23 July 2009

The colors of summer




I am in awe of the reds, and the corals and magentas make me smile, but it is the green that is my favorite. The juicy, tart, not-quite-ripe yet magnificent flavor of green. This is how I color my summer.

21 July 2009

A gritty twist on personal history

It rained today. It was a lovely rain. A million dollar rain if you're engaged in the business of farming.

I try to spend rainy days tidying up the farmhouse, and today was no different. I sorted through stacks of laundry, mail and old magazines trying to reduce, reuse or recycle as much as possible. In the midst of my cleaning, I picked up the 2009 Farmers Almanac, and while trying to determine its fate, I found something I had to share:

"Historians tell us that among the useful items the first European colonists brought with them to the New World was one that we might not have suspected: the earthworm.

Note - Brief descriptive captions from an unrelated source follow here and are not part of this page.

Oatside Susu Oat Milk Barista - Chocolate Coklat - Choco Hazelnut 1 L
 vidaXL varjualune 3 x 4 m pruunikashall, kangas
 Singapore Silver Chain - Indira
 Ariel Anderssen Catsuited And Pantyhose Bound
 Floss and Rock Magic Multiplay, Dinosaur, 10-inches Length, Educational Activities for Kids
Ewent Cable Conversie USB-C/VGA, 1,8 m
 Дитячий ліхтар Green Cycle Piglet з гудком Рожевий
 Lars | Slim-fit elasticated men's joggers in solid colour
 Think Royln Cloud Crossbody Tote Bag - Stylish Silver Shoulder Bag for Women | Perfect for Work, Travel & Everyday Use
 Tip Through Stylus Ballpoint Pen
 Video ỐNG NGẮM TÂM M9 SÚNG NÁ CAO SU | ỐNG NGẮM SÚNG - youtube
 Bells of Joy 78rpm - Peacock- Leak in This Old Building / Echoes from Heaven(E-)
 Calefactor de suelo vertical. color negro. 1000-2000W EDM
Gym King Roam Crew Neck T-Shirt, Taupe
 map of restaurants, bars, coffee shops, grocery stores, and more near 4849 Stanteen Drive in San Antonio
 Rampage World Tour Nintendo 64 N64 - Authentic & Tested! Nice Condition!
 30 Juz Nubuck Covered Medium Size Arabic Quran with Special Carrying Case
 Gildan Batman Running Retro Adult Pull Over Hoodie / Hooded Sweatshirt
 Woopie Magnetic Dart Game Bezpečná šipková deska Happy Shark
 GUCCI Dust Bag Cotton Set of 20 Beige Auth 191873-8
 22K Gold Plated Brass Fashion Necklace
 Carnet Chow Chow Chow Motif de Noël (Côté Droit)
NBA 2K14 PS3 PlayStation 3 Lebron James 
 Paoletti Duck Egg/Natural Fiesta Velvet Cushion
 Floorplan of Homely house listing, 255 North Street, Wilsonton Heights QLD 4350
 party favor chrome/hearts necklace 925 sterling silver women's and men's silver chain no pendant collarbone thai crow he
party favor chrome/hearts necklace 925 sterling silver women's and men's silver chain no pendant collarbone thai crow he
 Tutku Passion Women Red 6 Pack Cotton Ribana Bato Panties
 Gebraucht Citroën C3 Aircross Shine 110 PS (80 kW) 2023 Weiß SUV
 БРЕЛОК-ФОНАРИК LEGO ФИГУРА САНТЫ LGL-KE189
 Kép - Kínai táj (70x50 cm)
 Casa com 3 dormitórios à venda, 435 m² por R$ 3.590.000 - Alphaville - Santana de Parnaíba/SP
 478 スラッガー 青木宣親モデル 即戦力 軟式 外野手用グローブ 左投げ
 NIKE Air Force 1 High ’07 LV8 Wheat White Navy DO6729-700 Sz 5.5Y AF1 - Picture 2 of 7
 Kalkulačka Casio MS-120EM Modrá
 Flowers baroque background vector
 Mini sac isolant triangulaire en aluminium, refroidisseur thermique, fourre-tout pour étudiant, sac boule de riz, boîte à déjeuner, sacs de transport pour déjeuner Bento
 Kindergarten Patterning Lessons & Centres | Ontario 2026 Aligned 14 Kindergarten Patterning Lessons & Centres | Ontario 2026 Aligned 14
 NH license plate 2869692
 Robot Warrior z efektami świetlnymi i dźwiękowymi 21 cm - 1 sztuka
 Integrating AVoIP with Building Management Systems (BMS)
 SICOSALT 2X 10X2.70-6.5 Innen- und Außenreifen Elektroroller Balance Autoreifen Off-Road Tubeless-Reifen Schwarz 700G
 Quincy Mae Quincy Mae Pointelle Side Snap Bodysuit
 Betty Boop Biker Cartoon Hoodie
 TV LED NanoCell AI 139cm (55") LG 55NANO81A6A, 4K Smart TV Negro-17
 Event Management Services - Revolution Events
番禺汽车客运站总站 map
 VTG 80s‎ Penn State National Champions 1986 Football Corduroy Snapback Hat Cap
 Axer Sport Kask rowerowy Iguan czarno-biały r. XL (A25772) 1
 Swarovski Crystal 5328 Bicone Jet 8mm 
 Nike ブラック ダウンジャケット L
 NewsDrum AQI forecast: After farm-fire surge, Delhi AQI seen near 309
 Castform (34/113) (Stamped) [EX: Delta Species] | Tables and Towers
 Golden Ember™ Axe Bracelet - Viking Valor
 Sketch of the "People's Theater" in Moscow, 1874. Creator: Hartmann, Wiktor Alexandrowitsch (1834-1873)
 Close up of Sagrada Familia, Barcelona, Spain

Earthworms didn't occur originally in much of the north, it seems; rather European species were carried here in the colonists' ships, hidden in the soil those vessels loaded as ballast and in the root balls of plants they carried.

Properly reflected on, the idea that a creature as familiar and ubiquitous as the garden worm should be an exotic can do us good. It can enlarge our perceptions of history, including personal history. For consider: If earthworms came to our continent with the colonists, then they necessarily have their places on the same historical timeline as their human importers. Just as the millions of today's descendants of the first European colonists can trace their ancestry to specific people and places, so the descendents of the earthworms who accompanied those pioneers must arrange themselves in a like heirarchy of arrival. Therefore, should you repine that your colonial pedigree isn't all that you might wish, five minutes' work with a garden spade can turn up an aristocrat, a Mayflower worm whose very presence in your vegetable patch must gentle your condition."


This seemed the perfect sentiment for a day when all the birds are smiling; their rainy-day quest for earthworm meals seems assured.